A few other good matches besides the semifinal masterpiece were played at the ToC. Hisham Ashour, having lost fourteen pounds in an effort to get slimmer and faster, qualified in and then had two straight five-gamers, coming from behind to knock off Cameron Pilley and then losing 11-2 in the fifth to Peter Barker. But all eight seeds made the quarters, so the usual ToC early-round upsets were absent.

It was fortuitious that the Shabana v. Matthew match came when it did. Testing the rhizomatic reach of the Internet, the ToC was very techy: there were official ToC blogs and Twitter feeds and retweeting and Facebooking. You could find clips of exciting points on YouTube. Most of all, you could watch the semis and finals for free on your computer.

In 1991 the ToC (then called the WPSA Championships) was held at the Winter Garden down at the southern end of Manhattan. After the tournament, Prime Network broadcasted a 90-minute, edited segment on the tournament. This was the first time that squash had been on a national television broadcast. Twenty years later and squash was finally live on national television. This time ESPN3, the live Internet sports network (founded in 2005 as ESPN360), broadcast the semis and finals. They used the images and commentary from the PSA SquashTV. Since the site is available in Australia, all across Europe, Brazil, Chile and the Middle East, nearly a billion people could have viewed the Shabana v. Matthew match.

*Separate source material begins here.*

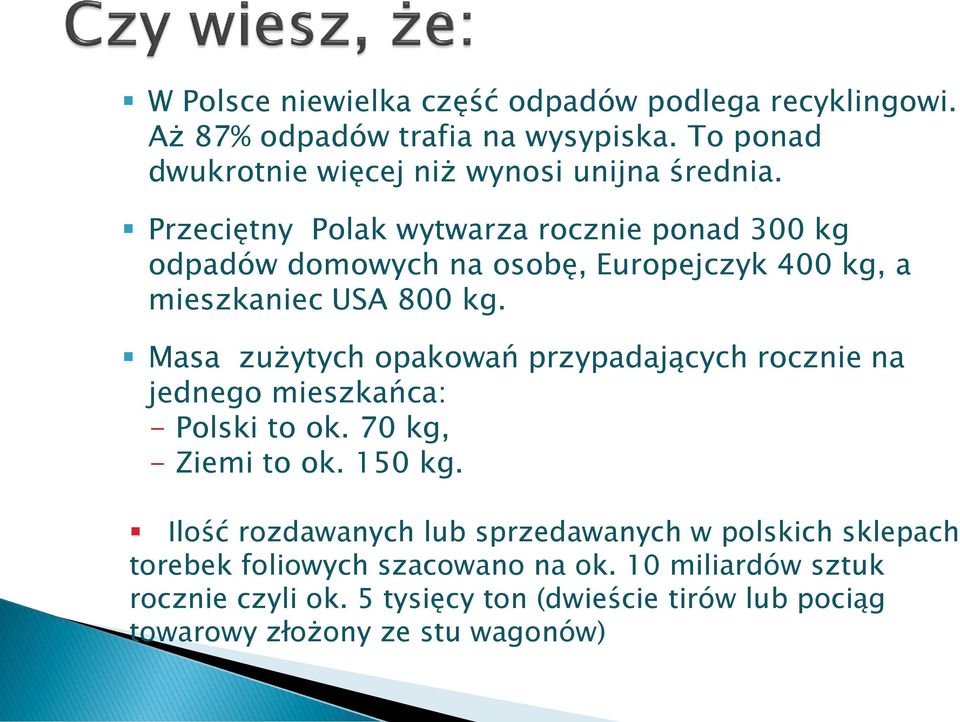 Masa zużytych opakowań przypadających rocznie na jednego mieszkańca: - Polski to ok. 70 kg, - Ziemi to ok. 150 kg.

It is not a perfected system yet. The images are fantastic—it is now easy to follow the ball and there are quick replays and crisp camera views from around the court. However, the PSA needs to take the next step and tee up the matches better: more statistics and more Up-Close-and-Personal foregrounding. Joey Barrington, as lead commentator, did 350 matches last year. Many were with Paul Johnson. They are very good at describing the action. But squash needs to appeal to the average, unknowledgable viewer and explain why this match is exciting: who these players are, their backgrounds, their stories.

Then everyone will know what squash fans knew that Wednesday night in January, that Shabana v. Matthew was a match for the ages.